The Taliban don't want a protracted civil war in Afghanistan. This seems difficult to comprehend, given the last 30 years or so of fighting.
But it should be made clear right away--fighting an invading power is much different from fighting a full-on internal civil war. Defeating an occupying power requires great patience, but the Taliban can largely avoid losing major resources and manpower by avoiding a NATO army that is not large enough to cover the entire country.
Fighting a civil war is much different. No waiting will do--fighting against the central government and its own Warlord allies will be a knock-down drag-out war of attrition, and one the Taliban may well not win, if US intelligence and drone attacks remain on Kabul's side. Such a civil war would be devastating, even if the Taliban won.
This scenario is very unlike the complete power vacuum left when the Soviet Union withdrew--the Soviets had not conducted in massive, extensive state-building that NATO has. The central government may not have driven the Taliban out of much of the country, but it does not mean the Taliban is close to secure.
The other point worth keeping in mind right now is that a player in a war or other disagreement wants most to negotiate when its relative advantage is peaking--that is, the point that it's going to be able to squeeze the most out of the other side. After peaking, time erodes the advantage, and less can be won.

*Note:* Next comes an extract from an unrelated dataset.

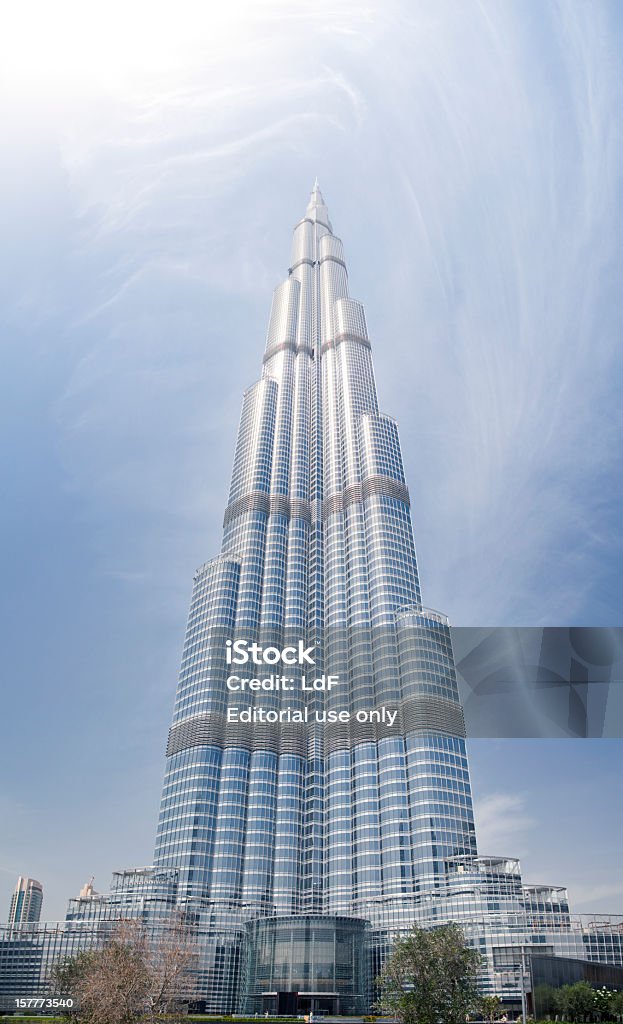 부르즈 할리파, 세계에서 가장 높은 건물 - 로열티 프리 0명 스톡 사진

Thus, the Taliban are coming to negotiate. Not the big-wigs (like Mullah Omar), but some of the elite near the middle that are feeling the pinch and the pain. Omar himself can't afford to appear to be willing to negotiate with an occupying power for an instant--too large a proportion of his followers (as well as is Pakistani ISI patrons) oppose such negotiations, and are likely to outright kill him if he becomes a collaborator.

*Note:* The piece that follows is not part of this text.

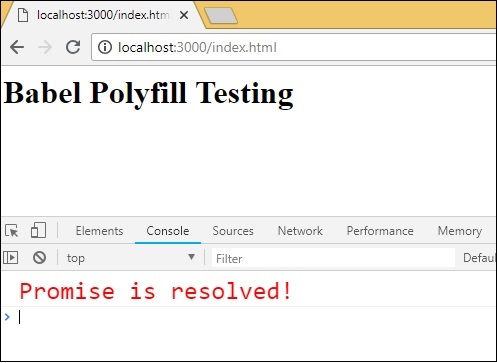 Babel Polyfill Testing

The same risk applies to the leaders coming to negotiate. That said, they are not nearly as safe as they used to be in Pakistan, given the uptick in the frequency and success of US drone attacks against leadership of this level.

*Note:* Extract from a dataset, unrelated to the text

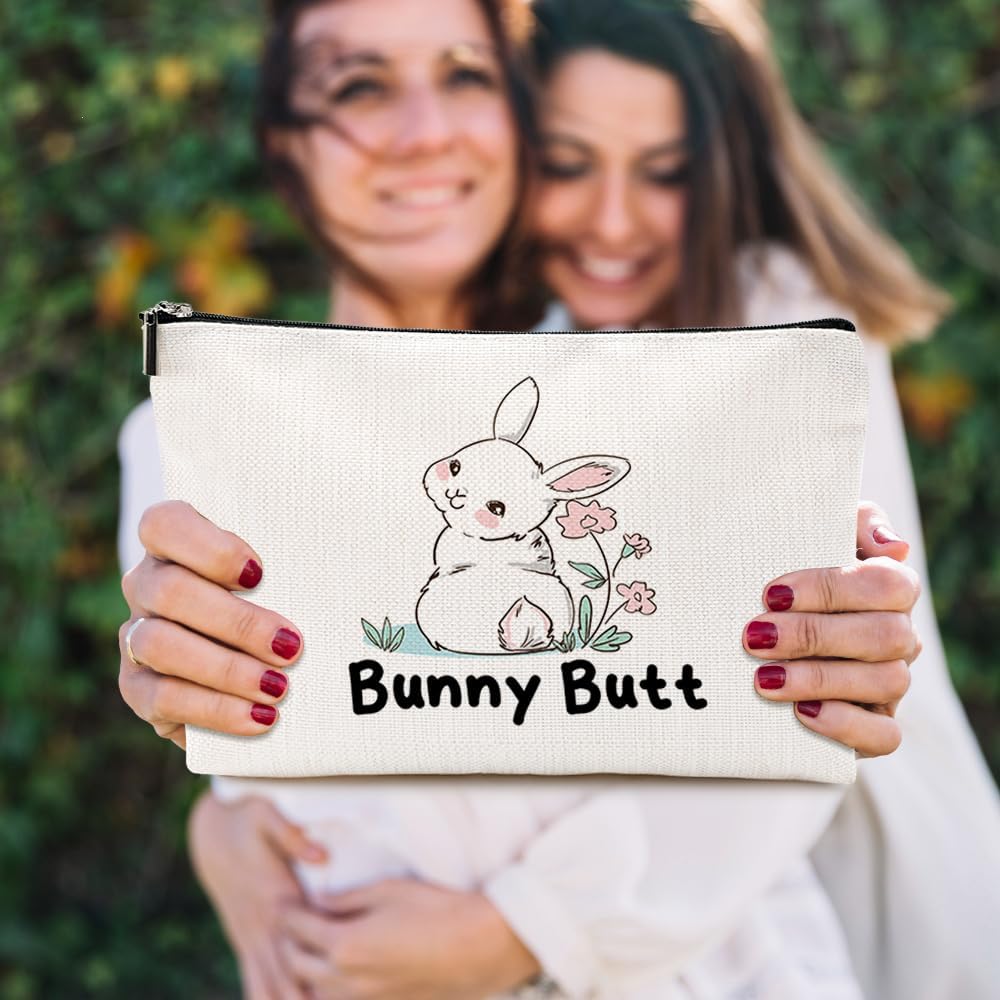 Funny Cute Rabbit Makeup Bag Bunny Gifts Bunny Supplies Accessories Cosmetic Bag for Women Girls Daughter Pet Owner Bunnies Lovers Sister Best Friends Bestie Nurse Graduation Mothers Day Birthday - Image 7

NATO is doing an excellent job of promising and reliably giving safe transport and harbor to those coming to negotiate--it might be personally safer for many of these leaders to come to talk, rather than hide in Pakistan.
But, ultimately, the top Taliban leadership is not declaring any readiness to negotiate--even if they may be leaning towards it. But in the end, the Taliban will not be able to sweep through Afghanistan and claim victory as NATO leaves. There will either be a negotiated settlement or a crippling civil war, and the former is more likely.
The biggest deciding factor for the top Taliban leadership will be whether they actually think their advantage is going to grow into the future. If it becomes obvious that their bargaining position is declining, the hard line against negotiations from the top will begin to soften--and many of the middle-level elite leaders will already have the initiative in talks.